Midden in het leven sta je in de dood (Media in vita in morte sumus)

Het is een middeleeuwse zang die mij steeds weer binnenshoofds overvalt als ik geconfronteerd word met een sterfgeval uit mijn naaste omgeving. Vooral bij bloedverwantschappelijkheid hakt het erin. Zo, toen ik kennis kreeg van het verscheiden van een jongere broer. Op de verrekijk zegt dan een hysterisch gebarende oudere vrouw: “Nu komt het wel erg dichtbij!”.  Maar dan gaat het om een moord bij de buren die niet open wilden doen ook niet na herhaalde aandrang. Die broer wilde kennelijk niet tot zijn vaderen verzameld worden onder de familienaam. Hij wilde de eeuwigheid in onder de naam van zijn vrouw. En herkend worden door passanten als Omeloen. Dat verbergt heel wat. Waarvan ik niet wil weten. Ook dat nog.

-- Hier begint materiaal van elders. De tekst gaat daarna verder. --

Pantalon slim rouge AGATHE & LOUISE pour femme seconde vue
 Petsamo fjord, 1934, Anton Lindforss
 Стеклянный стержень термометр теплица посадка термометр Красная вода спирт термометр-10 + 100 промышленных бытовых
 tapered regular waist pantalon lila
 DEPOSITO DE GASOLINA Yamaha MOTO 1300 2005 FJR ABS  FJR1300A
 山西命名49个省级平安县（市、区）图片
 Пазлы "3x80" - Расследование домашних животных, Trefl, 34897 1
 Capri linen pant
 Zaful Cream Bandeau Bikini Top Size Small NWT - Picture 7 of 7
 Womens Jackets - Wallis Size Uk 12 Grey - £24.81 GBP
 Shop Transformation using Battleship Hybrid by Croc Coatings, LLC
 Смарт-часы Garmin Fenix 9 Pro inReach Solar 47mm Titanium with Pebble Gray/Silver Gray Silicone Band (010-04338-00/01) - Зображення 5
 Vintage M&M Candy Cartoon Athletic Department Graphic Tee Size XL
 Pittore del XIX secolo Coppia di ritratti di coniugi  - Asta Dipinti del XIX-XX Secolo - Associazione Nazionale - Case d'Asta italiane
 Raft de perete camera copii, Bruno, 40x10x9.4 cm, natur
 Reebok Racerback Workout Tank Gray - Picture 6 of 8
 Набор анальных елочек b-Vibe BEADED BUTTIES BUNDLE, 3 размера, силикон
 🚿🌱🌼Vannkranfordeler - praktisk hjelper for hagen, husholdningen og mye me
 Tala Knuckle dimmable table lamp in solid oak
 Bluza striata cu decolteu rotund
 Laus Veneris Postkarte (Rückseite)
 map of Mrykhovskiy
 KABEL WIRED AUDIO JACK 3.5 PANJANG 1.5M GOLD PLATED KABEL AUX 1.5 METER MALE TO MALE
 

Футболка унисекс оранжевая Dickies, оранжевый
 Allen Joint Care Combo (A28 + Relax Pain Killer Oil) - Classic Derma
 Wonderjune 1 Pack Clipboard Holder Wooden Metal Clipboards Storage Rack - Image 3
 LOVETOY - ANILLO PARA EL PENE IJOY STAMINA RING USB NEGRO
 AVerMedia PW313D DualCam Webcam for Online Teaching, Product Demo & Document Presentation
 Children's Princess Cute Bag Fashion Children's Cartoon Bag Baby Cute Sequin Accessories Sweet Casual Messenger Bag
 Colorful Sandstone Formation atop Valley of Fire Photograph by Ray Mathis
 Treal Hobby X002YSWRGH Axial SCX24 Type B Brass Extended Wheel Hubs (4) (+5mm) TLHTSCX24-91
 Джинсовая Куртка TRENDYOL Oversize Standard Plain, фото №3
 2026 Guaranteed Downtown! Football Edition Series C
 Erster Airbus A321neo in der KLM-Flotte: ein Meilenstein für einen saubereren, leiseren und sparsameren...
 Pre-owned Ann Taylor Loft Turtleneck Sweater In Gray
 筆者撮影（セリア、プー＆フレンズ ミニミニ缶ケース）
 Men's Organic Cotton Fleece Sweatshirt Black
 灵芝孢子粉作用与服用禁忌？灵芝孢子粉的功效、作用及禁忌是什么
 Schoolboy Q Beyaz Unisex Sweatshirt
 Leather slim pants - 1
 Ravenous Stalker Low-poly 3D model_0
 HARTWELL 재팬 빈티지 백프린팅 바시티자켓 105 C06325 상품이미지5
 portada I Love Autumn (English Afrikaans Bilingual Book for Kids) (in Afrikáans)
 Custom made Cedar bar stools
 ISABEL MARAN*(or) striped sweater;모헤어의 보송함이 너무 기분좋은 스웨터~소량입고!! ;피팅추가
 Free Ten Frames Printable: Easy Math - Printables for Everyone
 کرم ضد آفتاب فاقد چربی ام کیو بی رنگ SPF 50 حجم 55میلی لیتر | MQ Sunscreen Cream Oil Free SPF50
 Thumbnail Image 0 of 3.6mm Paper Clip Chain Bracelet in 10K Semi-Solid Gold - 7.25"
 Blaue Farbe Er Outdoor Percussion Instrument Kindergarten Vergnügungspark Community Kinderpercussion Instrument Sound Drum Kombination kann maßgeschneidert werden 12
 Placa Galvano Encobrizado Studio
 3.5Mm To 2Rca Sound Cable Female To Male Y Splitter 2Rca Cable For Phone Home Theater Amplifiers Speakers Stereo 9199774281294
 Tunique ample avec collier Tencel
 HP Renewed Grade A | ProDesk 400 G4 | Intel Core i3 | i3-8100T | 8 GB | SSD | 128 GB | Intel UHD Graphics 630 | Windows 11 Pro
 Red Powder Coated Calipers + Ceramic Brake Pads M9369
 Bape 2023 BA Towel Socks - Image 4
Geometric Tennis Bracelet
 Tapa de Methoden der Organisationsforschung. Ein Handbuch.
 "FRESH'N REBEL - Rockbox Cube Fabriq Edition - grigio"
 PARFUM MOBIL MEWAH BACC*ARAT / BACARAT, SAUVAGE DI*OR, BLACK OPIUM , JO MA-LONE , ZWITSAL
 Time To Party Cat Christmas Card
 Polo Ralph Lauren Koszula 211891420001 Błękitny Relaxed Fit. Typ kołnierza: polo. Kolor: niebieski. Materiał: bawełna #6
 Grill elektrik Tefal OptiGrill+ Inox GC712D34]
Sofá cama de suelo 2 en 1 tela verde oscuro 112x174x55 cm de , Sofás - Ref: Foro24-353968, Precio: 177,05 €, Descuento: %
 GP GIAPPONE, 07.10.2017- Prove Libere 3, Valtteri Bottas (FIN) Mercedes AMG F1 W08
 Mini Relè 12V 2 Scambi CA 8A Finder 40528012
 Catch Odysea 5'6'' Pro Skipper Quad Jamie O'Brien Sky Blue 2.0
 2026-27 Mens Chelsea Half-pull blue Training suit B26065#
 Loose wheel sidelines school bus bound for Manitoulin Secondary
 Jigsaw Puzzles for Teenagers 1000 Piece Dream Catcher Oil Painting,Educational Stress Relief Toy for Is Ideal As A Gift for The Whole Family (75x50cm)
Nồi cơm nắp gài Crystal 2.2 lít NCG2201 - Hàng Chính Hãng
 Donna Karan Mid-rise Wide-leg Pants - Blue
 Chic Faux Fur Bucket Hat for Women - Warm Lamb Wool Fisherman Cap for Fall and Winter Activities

Natuurlijk greep mij het verscheiden van Omeloen Hartgers zeer aan. Van mijn oudste broer vernam ik dat het verdriet daarover bij de weduwe nog lang zal duren. Die berichtte dat zij Omeloens levensgang diep en fantastisch vond. Natuurlijk beraad ik mij over zijn betekenis voor mij. Hij was een jongere broer. Maar we gingen maar sporadisch met elkaar om. Dat kon natuurlijk derden niet ontgaan. Hij plooide zich niet graag naar de hiërarchische gelaagdheden van de dwaze maatschappij. Dat bleek heel duidelijk op de middelbare school, het Sint Joris Lyceum. Hij richtte een protestblad op samen met andere contestatieven en liet luidruchtig van zich horen. Ik was destijds hoofdredacteur van het brave schoolblad “Sinjoor” en was diep onder de indruk van de leraren en vooral de rector Dr van den Hout, met zijn kamgaren vesten en zijn gouden zakhorloge met remontoir. Zó zou ik ook willen worden, later.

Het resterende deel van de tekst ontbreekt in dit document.